Monday, December 3, 2012




  • 1½ cups butter at room temperature
  • 8 ounces cream cheese at room temperature
  • 3 cups granulated sugar
  • 6 large eggs
  • 3 cups cake flour
  • 1/8 teaspoon salt
  • 2 teaspoons vanilla extract
  • 1 teaspoon almond extract

In a LARGE bowl, with electric mixer, beat the room temperture butter for about a minute.  Add the room temperature cream cheese and beat for two more minutes (it should look light and fluffy). It is very important that both of these ingredients are at room temperature.

Gradually sprinkle in the sugar (while your mixer is running) 1/2 cup at a time; beat well.  Add the eggs, one at a time, beating well after each egg. Mix in extracts.

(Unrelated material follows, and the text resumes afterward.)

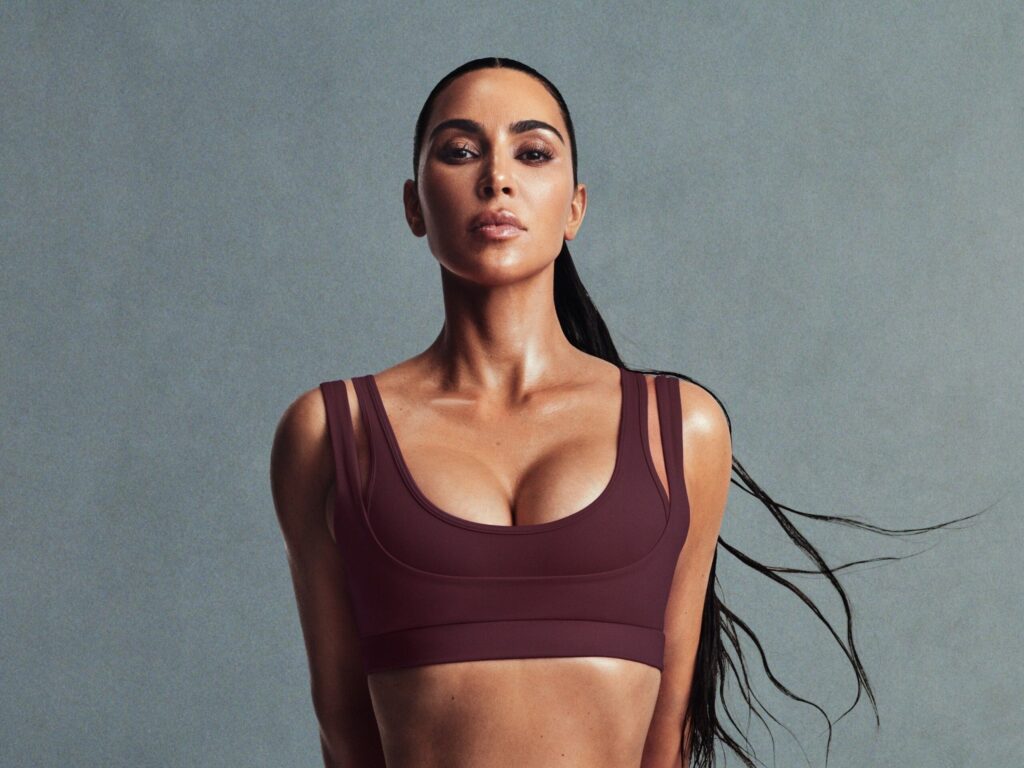 Kim Kardashian’s Skims Soars to $5 Billion Valuation — The Shape of a Billion-Dollar Empire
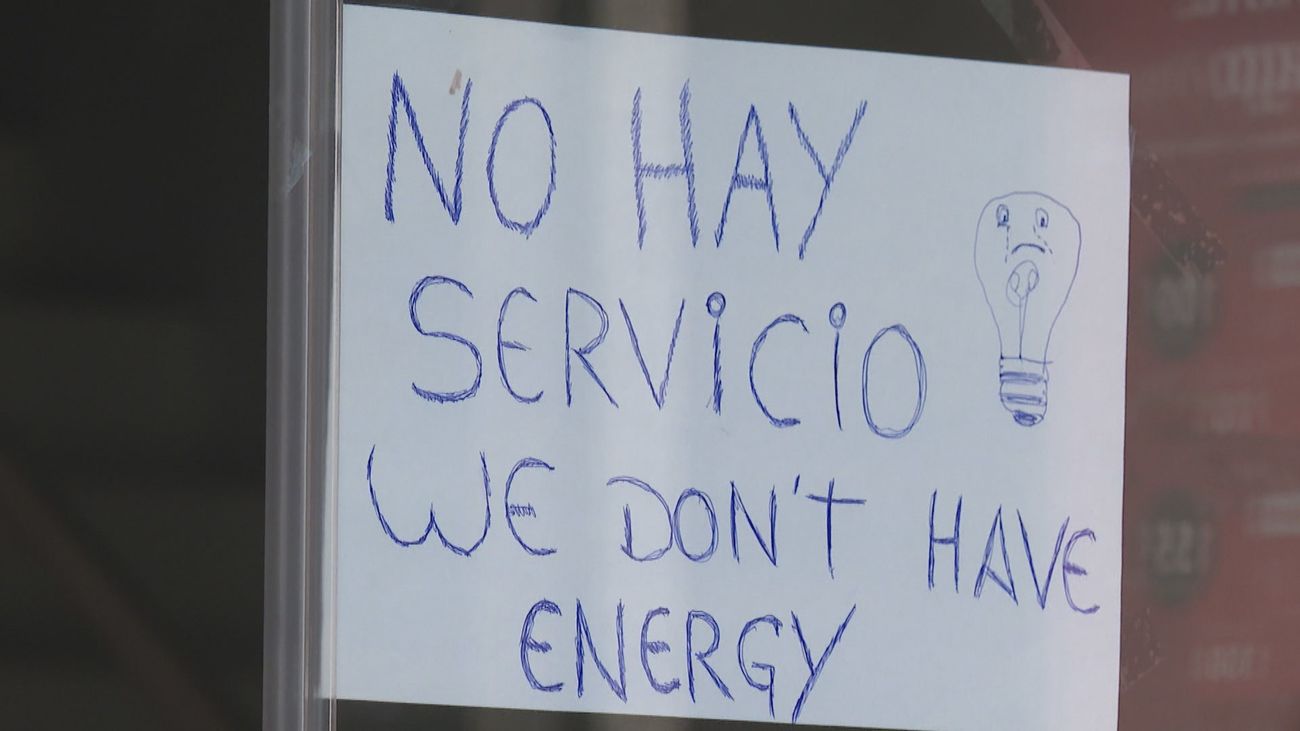 El Gobierno pide más información a los operadores eléctricos para concretar las causas del apagón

Measure out 3 cups of CAKE FLOUR and 1/8 tsp. salt, then sift it all.  Add slowly to butter mixture, on low speed, mixing well after each addition.

Generously grease AND FLOUR a 10" bundt pan (I used my angel food pan).  Bake in
preheated 300 degree oven for 1 hour 40 minutes, or till toothpick tests clean.

Fairly nondescript looking at this stage, don't let that sway you.  The genius of this recipe is in the taste. The combination of butter and cream cheese makes this cake to die for.

Let the cake cool, in the pan, for 15 minutes before you turn it out, then cover it with plastic wrap, directly on the surface of the hot cake, until it is completely cool. Frost as desired (we like a light maple frosting).

NOTE:  Yes, 300 degree oven is correct.

NOTE: Don't be tempted to grease your pan with vegetable spray. Make sure you grease and flour your pan well (tap out excess flour). This cake tends to want to stick a little, so if you are using an intricate bundt pan, make sure you grease and flour it well.

NOTE: Make sure you sift the cake flour. I know it is a pain, but cake flour tends to clump more than all purpose flour, so this step is important. You CAN make this cake with all purpose flour, but you won't get that very fine crumb that is so delicious.